命を投げ出した己も生きている今、何も憂うことなどないはずなのだ。
温客行にとっては、既に周子舒はただひとつの彩だ。
周子舒にとっては、そうではない。
真っ白な雪と氷に閉ざされ、真っ白になった自分と共に過ごす冬。
どんなにか、夏を待ちわびることだろう。
「老温、そろそろ弟子たちが顔を見せに来るころだろうか」
神仙となった自分たちが山を下りることもあるけれど、夏には旧友や四季山荘の弟子たちがやって来る。温客行ももちろん、楽しみにしている。
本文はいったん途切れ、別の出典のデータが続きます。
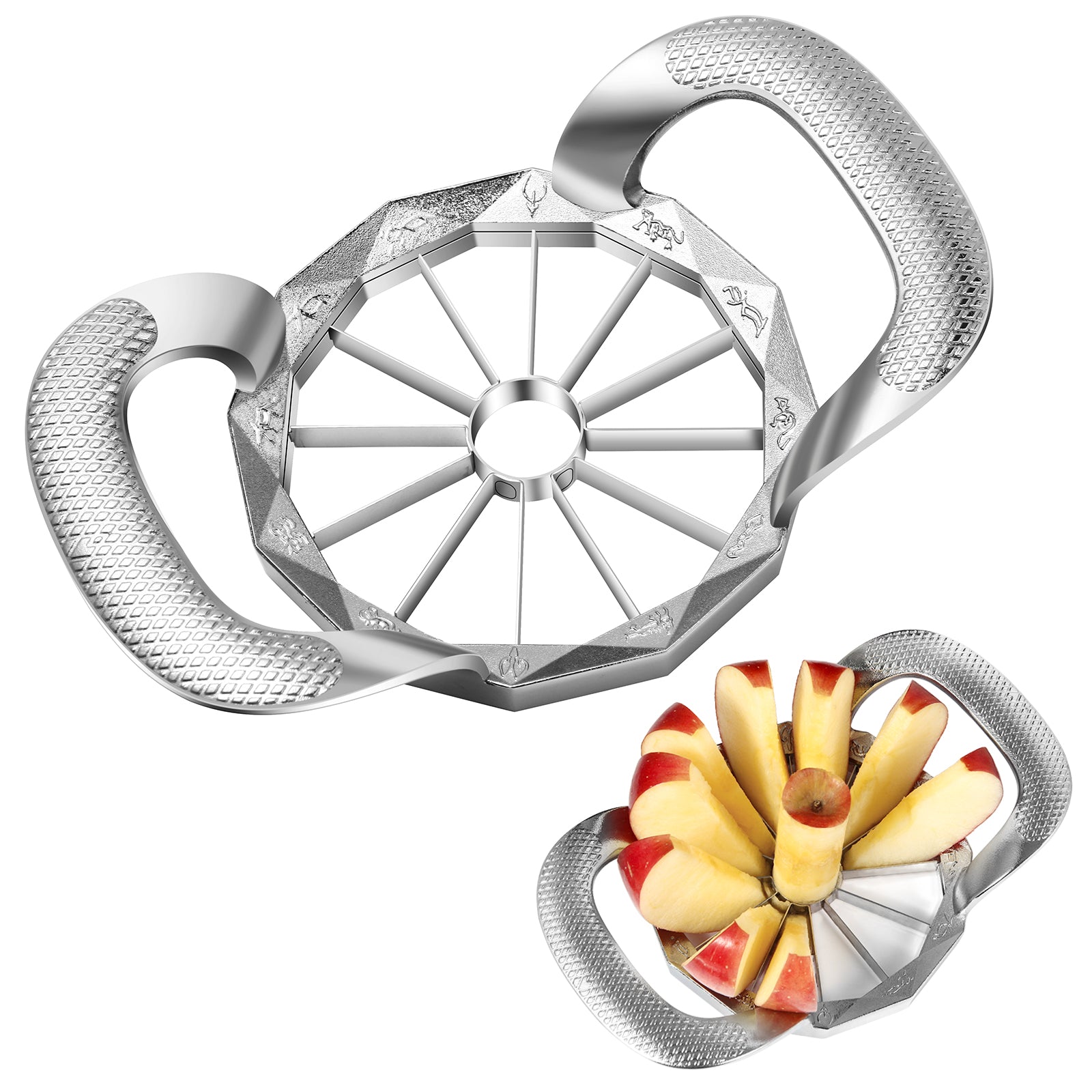 12-Slice Stainless Apple Slicer: Heavy Duty, Easy to Use.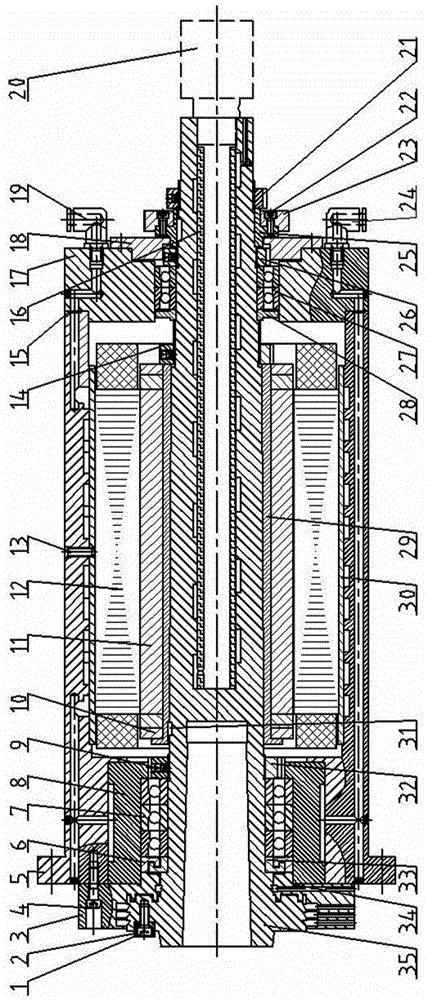 Internal and external cooling structure for high-speed motorized spindle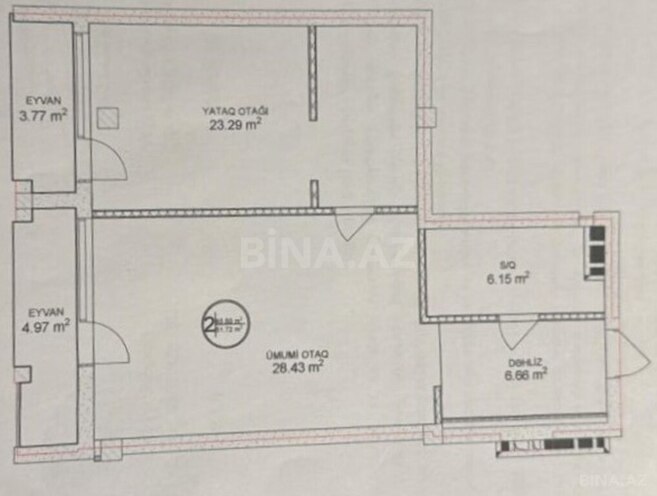 2 otaqlı yeni tikili - Nardaran q. - 88.8 m² (4)
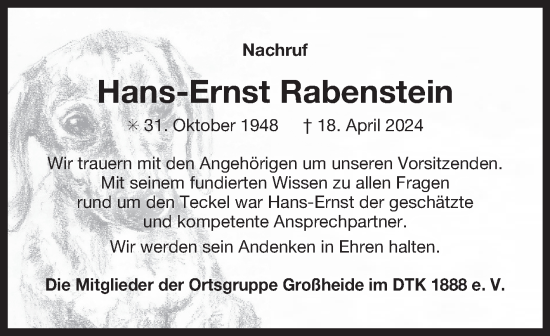 Traueranzeige von Hans-Ernst Rabenstein von Ostfriesischer Kurier GmbH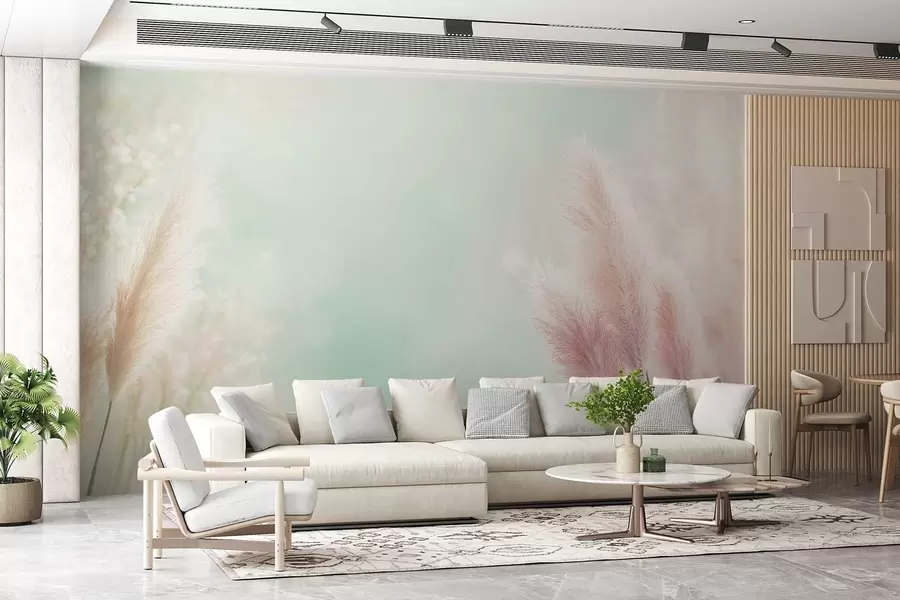 Wall Mural Photo Wallpaper pampas grass on a delicate turquoise background w02766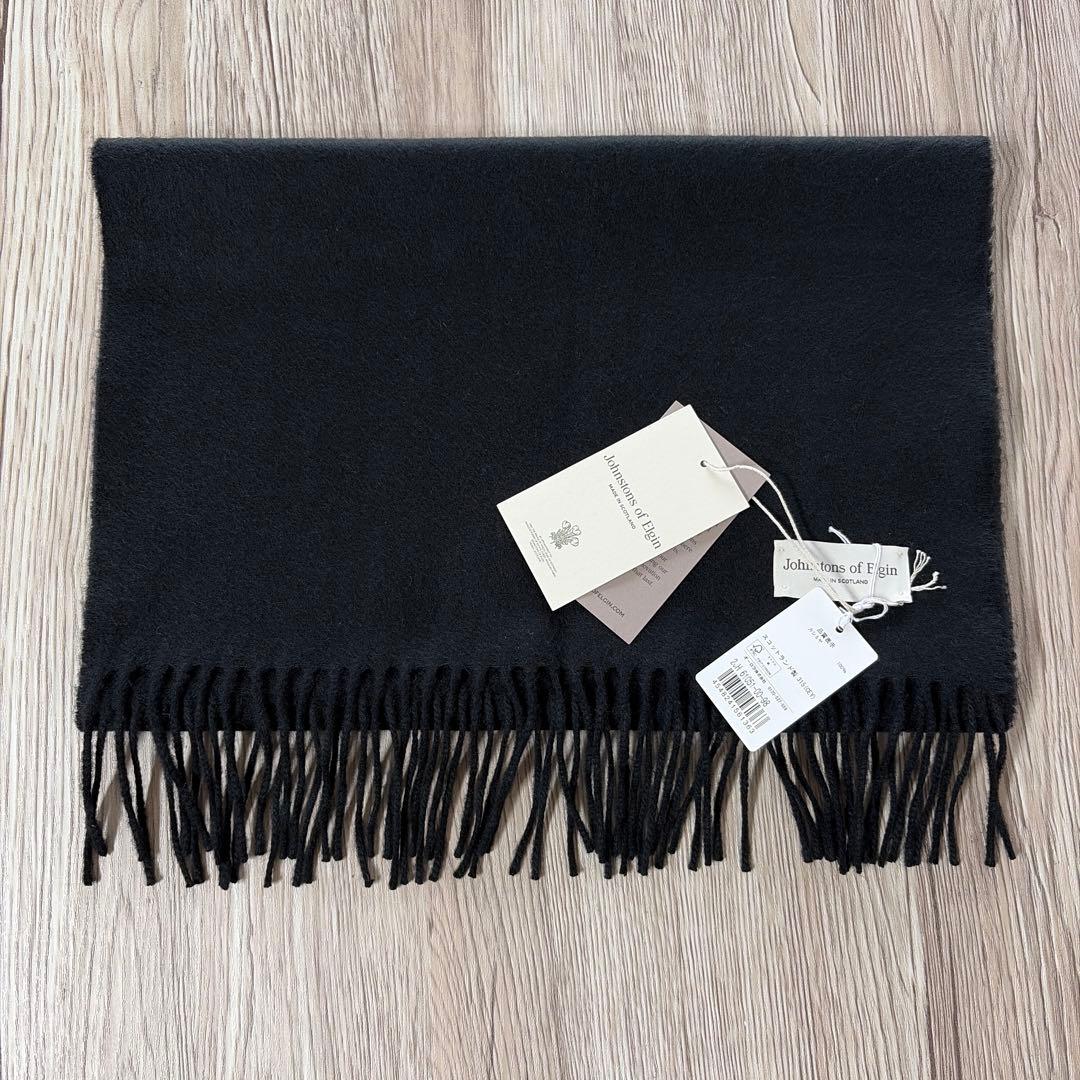 新品未使用！Johnstons 中判カシミアストール ブラック(SA0900 )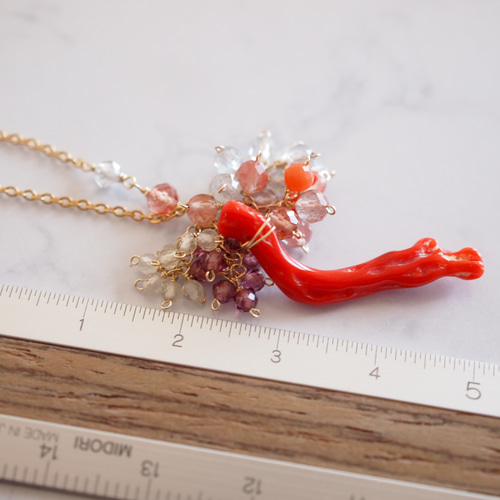 天然 枝珊瑚ネックレス 美品】天然枝珊瑚ネックレス - メルカリ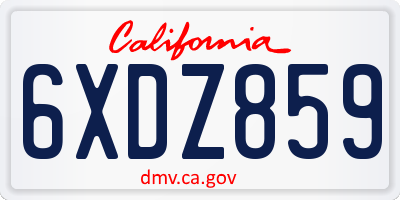 CA license plate 6XDZ859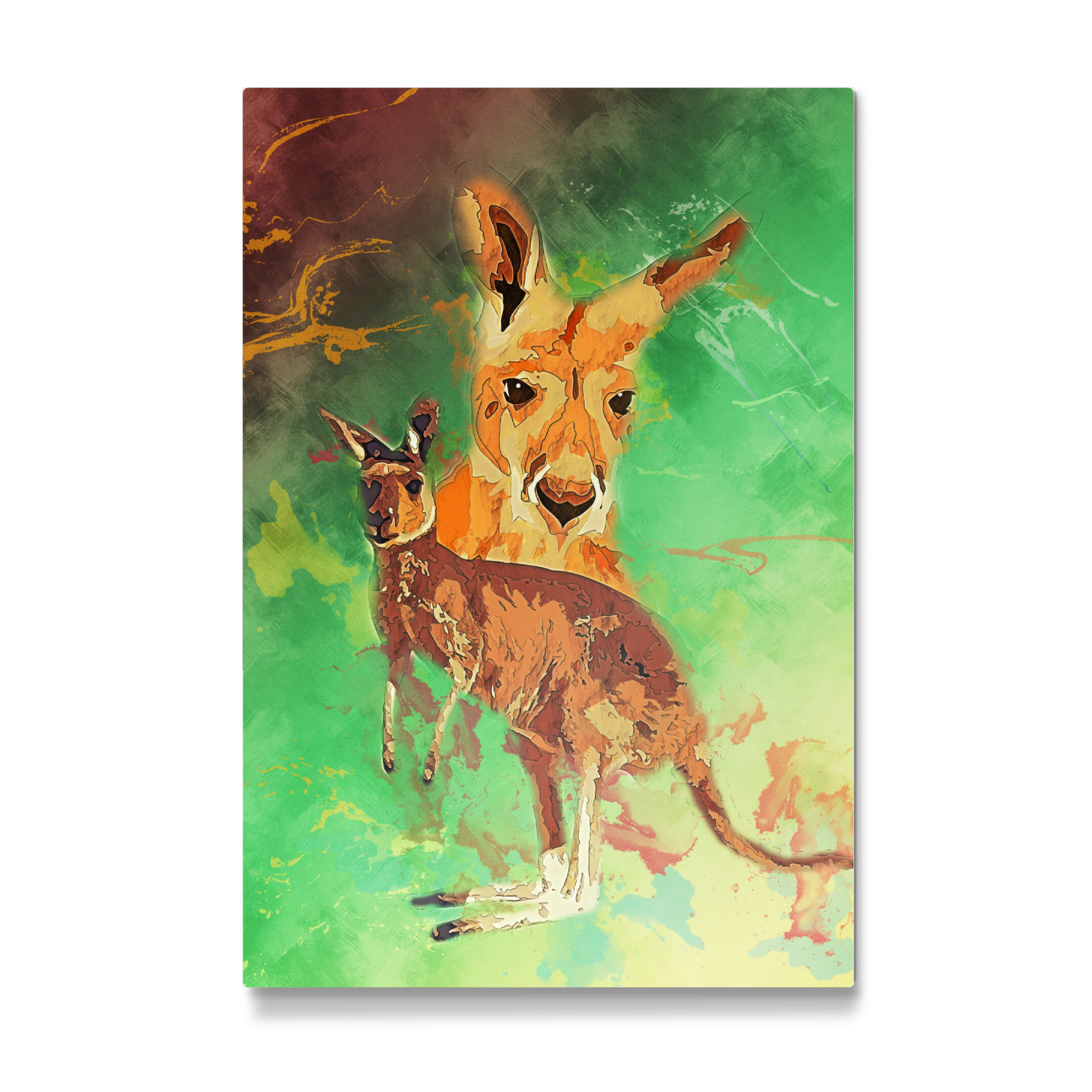 Galerie-Print "Känguru mit buntem Hintergrnd" 75x50 cm artboxONE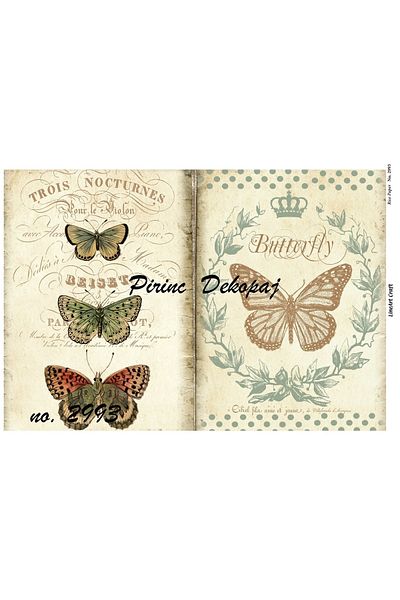 LİNEART Brass Decopage Paper La 2993
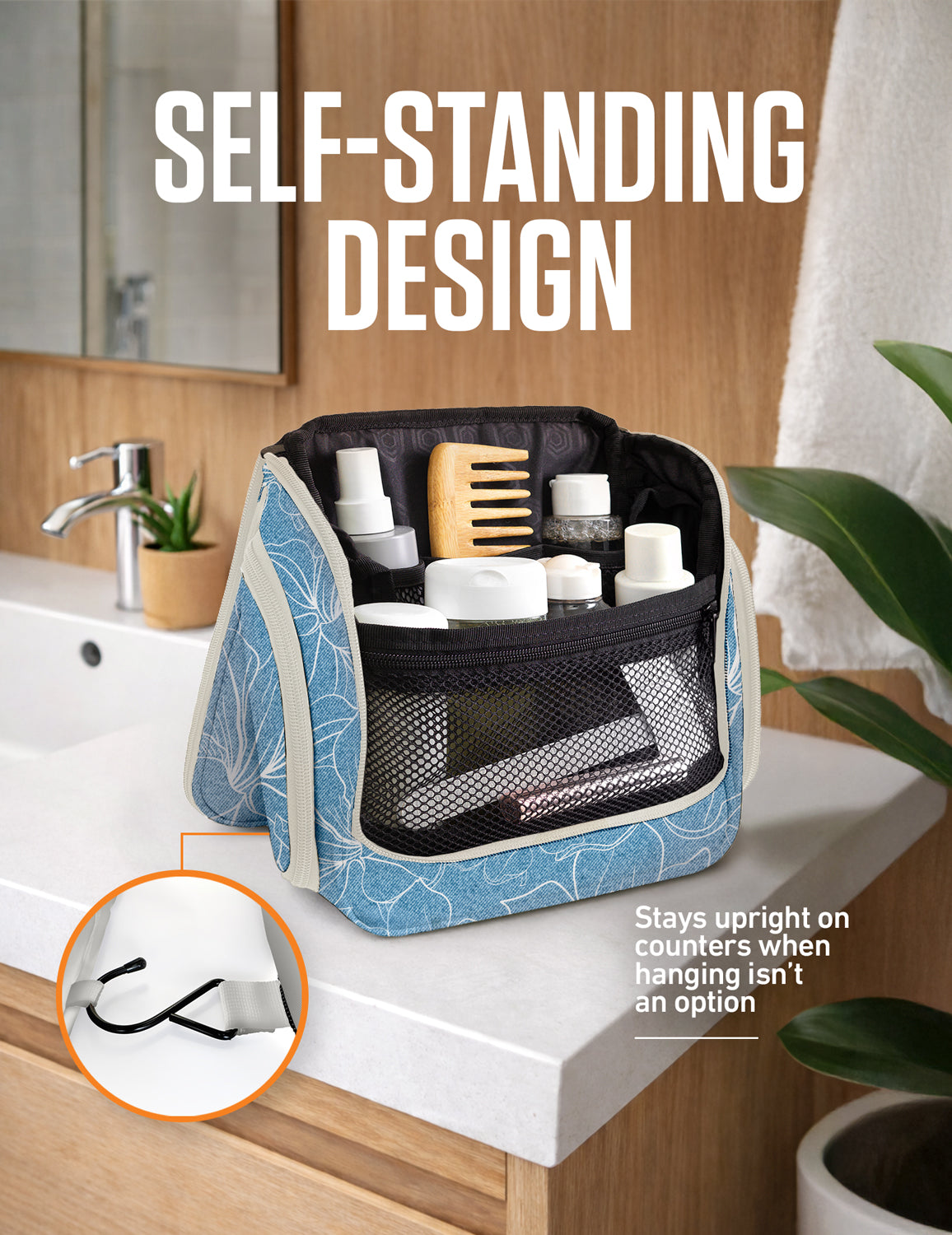 Hanging Travel Toiletry Bag | TSA-Ready, Water-Resistant with 360° Swivel Hook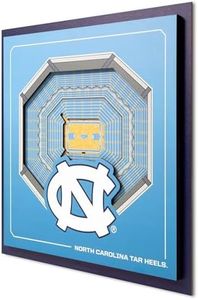 YouTheFan Officially-licensed NCAA North Carolina Tar Heels Stadium Series 3D Wall Art - multi-layer team stadium replica, detailed sports fan gift, indoor decor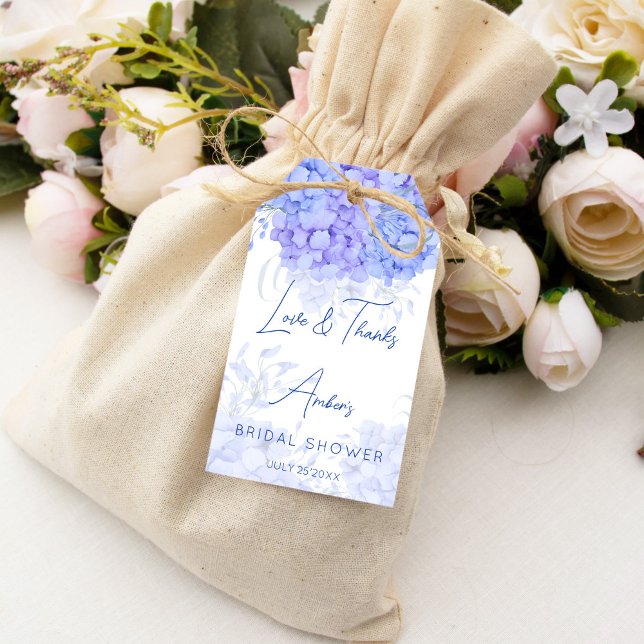 Ein blaues Hydrangea-Brautparty bevorzugt Geschenkanhänger (Something blue hydrangea flowers bridal shower thank you favor gift tags)
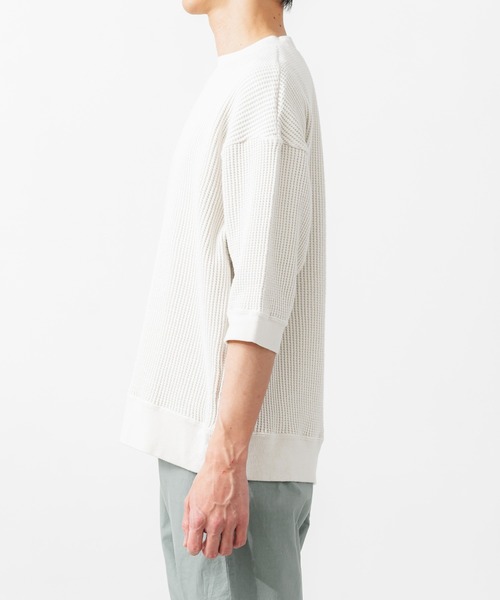quadro(クオドロ)の「ビッグワッフル6分袖クルーネックプルオーバー(Tシャツ/カットソー・メンズ・キナリ/チャコール/グリーン・MEDIUM/LARGE)」の16枚目の写真
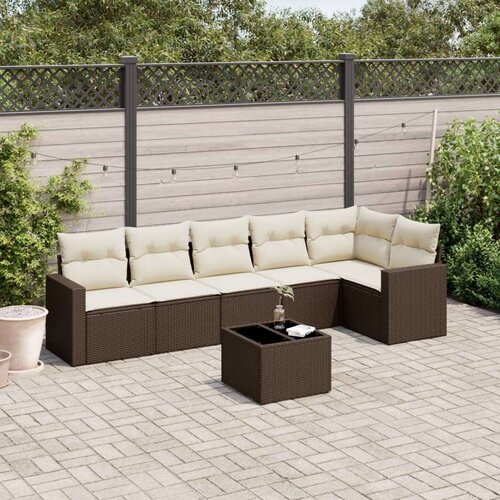 vidaXL 7-dijelni set vrtnih sofa od poliratana s jastucima smeđi Cijene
すっかり成長した成嶺は、山荘に咲いた季節の花を一枝携えて来るだろう。
命を感じられる時間だった。
「……どうかしたか?口数が少ない」
いつもなら子舒の傍らで朗らかに詩をを謳うのに。
「そんなことはない。今年は何人弟子が登って来るかと考えていただけだ。新たな弟子が阿絮に惑わされないよう注意してやらねば」
「何だそれは」
「みんな阿絮を知ると好きになる。惑わされるのは、私だけでいいんだ」
「老温?」
ああ、そうか。
温客行は胸を押さえる。
この痛みが消えないのは。
本当は私がずっと、閉じ込めていたいから。この腕の中に、この人を。
「……まったく、どうしたって言うんだ今日は。……否、違うな。雪が融ける頃になると、お前はいつもこうだ。夏が嫌いなのか?」
「……嫌いではないよ」
「そうか。俺も嫌いじゃない。……長い冬もな」
少し距離を置いて佇む温客行に大きな一歩で詰め寄ると、子舒は自身より少し高い位置にあるその頭を撫でた。
「ちょっと、阿絮。子どもではないよ私は」
「子どもにしては、確かに育ちすぎだな」
子舒はそのまま手遊びのように温客行の白髪に指を滑らす。
雪に埋もれた武庫を思い浮かべて目を細めた。
「……白は、お前の色だから」
「あしゅ……っ、」
温客行は。自分の髪が白く変ってしまったのを見た彼がどんな顔をしたのか知らない。
目覚めるまで、どんな顔で、どんな声で呼びかけてくれていたのか知らない。
身勝手に彼の生を望み、身勝手に自分だけが傷を負ったようなつもりでいる温客行を、それでもこうして。
周子舒という人は、そういう人なのだ。
夏の太陽のように、ただ。
温客行を照らす光の人。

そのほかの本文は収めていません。